What is expected:
Locate "ジューシーリッププランパー6" in the listing. Transcribe the line that contains it and every line that follows, through the last, omitting all pictures.

Exercise materials:
============================================================

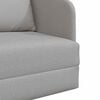 vidaXL Schlafsofa 60cm Wolkengrau Stoff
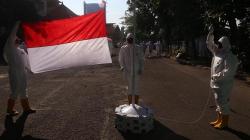 Semangat Pasien Covid-19 Ikuti Upacara HUT ke-76 RI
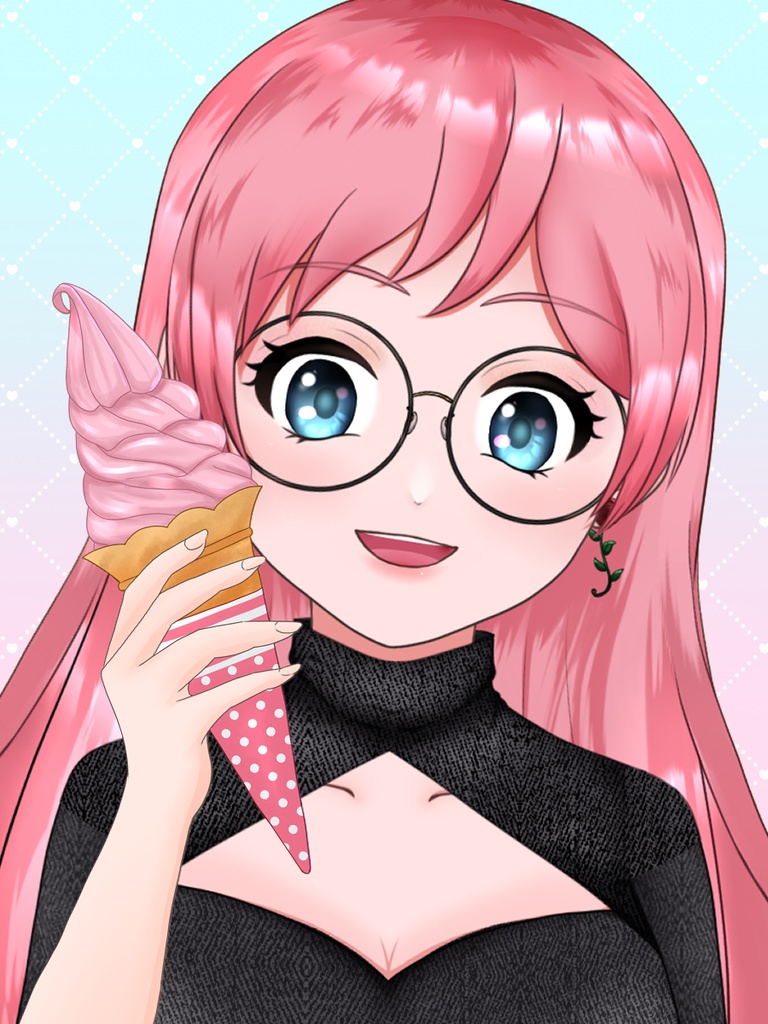 素材配布 ソフトクリームの日 ソフトクリーム2種類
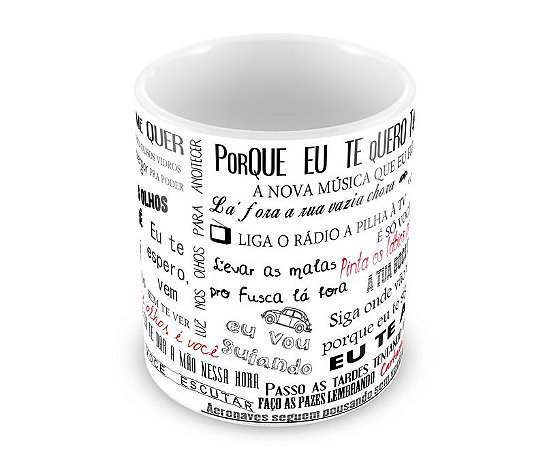 Caneca Música - Luz dos olhos - Cássia Eller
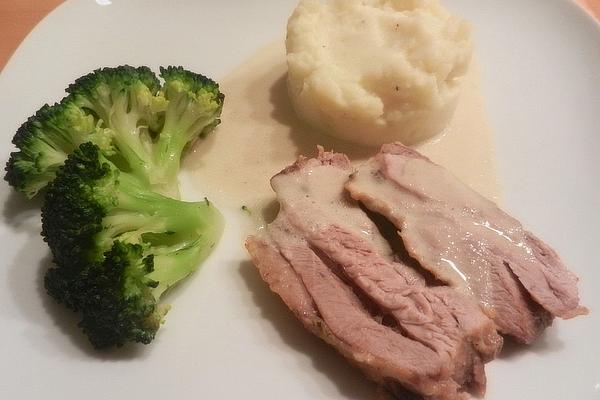 Turkey Leg Braised in Milk
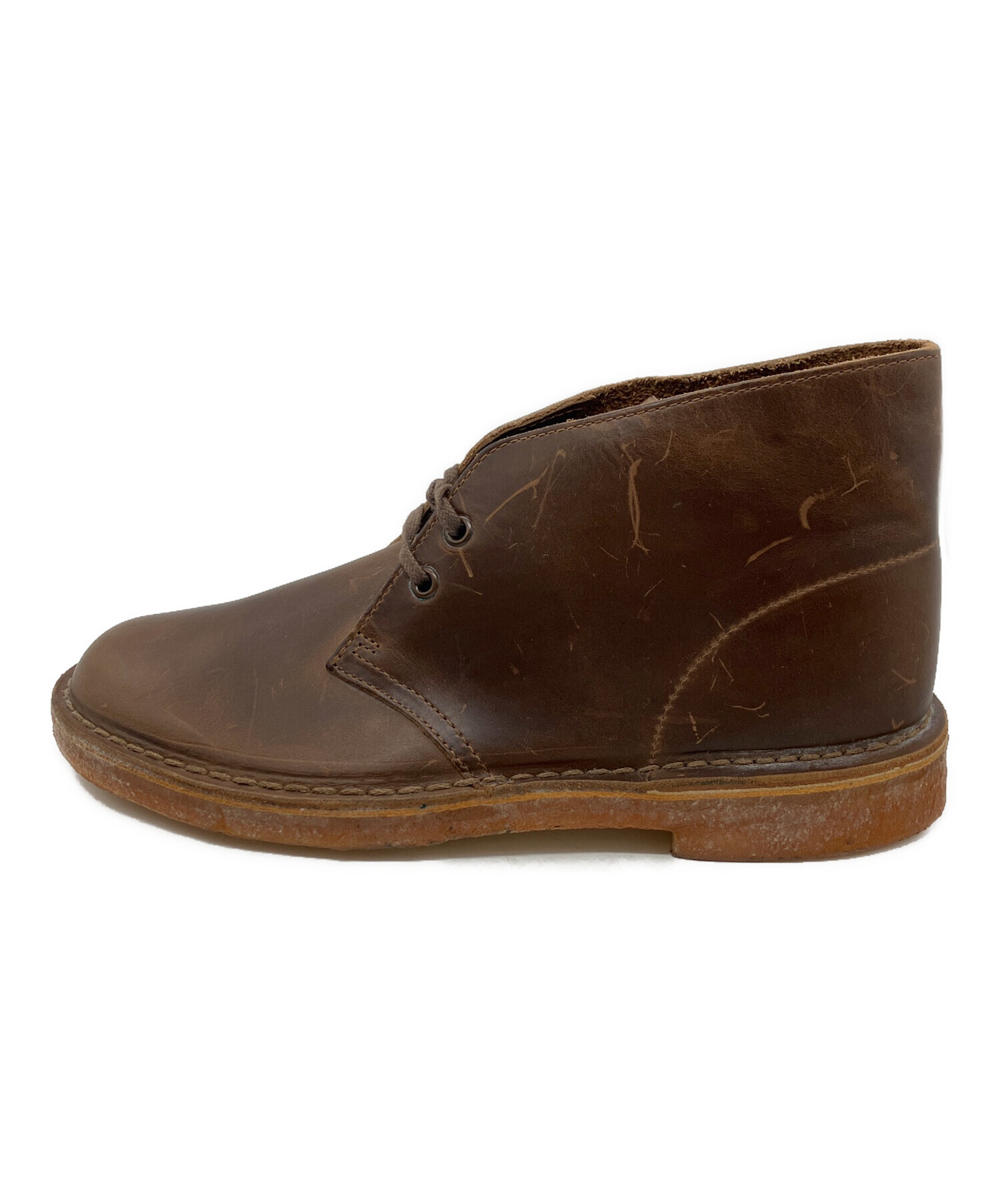 中古・古着通販】CLARKS (クラークス) デザートブーツ ブラウン サイズ 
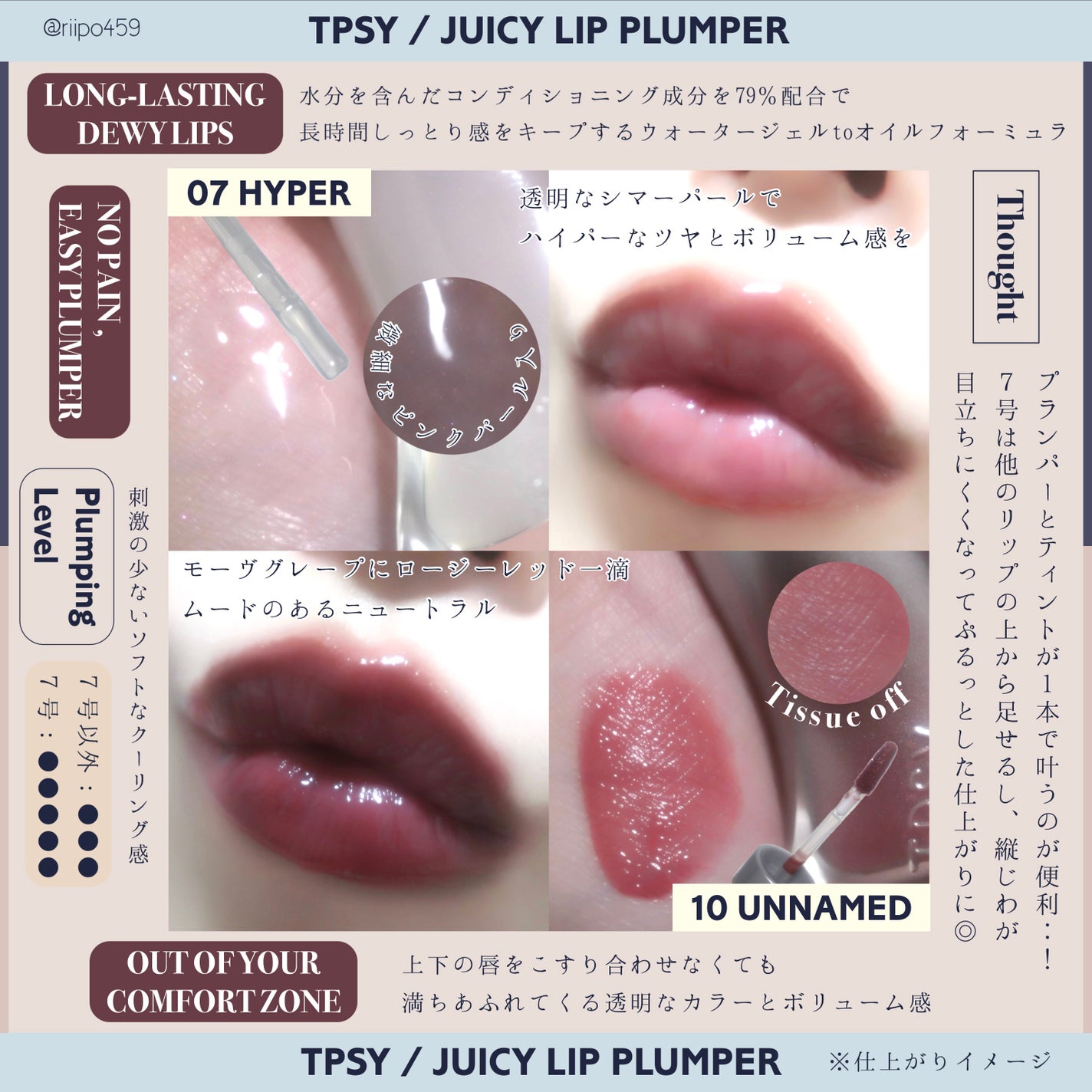 ジューシーリッププランパー6g/TPSY/リッププランパーを使ったクチコミ(2枚目)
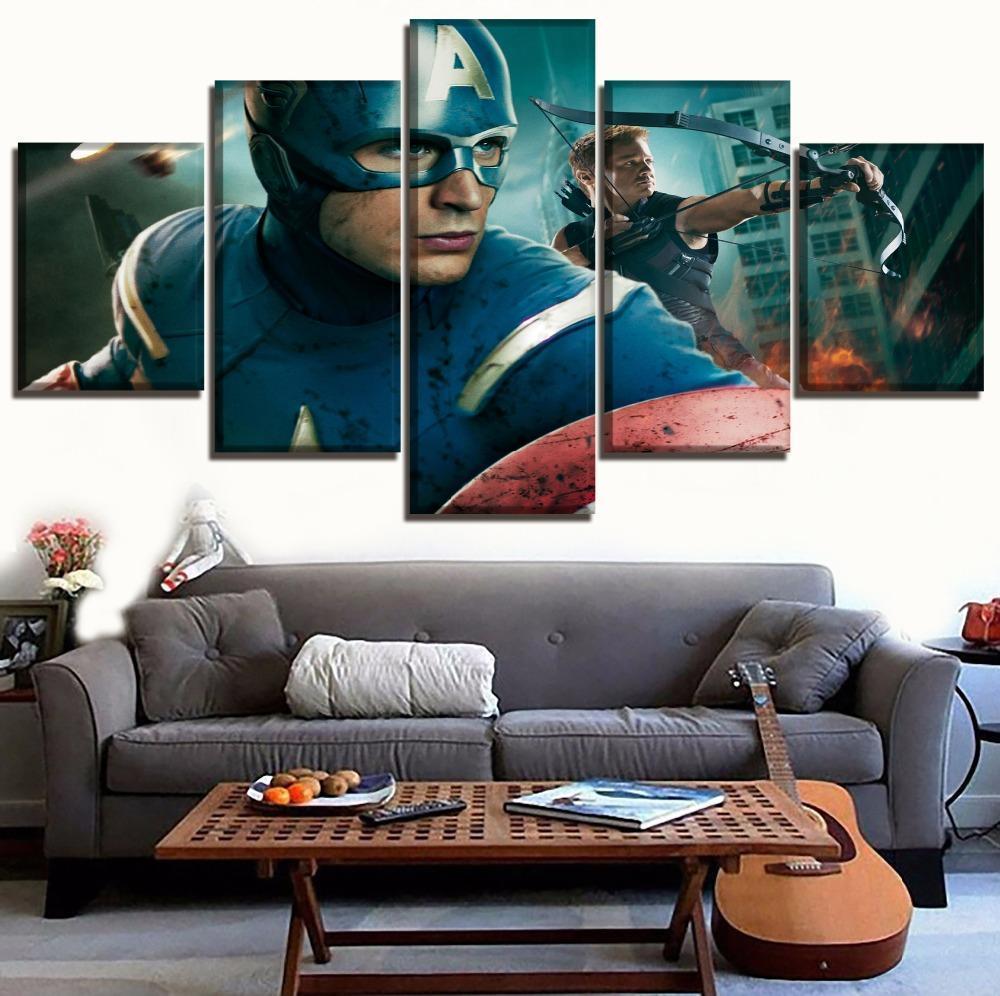 Movie The Avengers Captain America Marvel Canvas Wall Art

============================================================

Task response:
 ジューシーリッププランパー6g/TPSY/リッププランパーを使ったクチコミ(2枚目)
 Movie The Avengers Captain America Marvel Canvas Wall Art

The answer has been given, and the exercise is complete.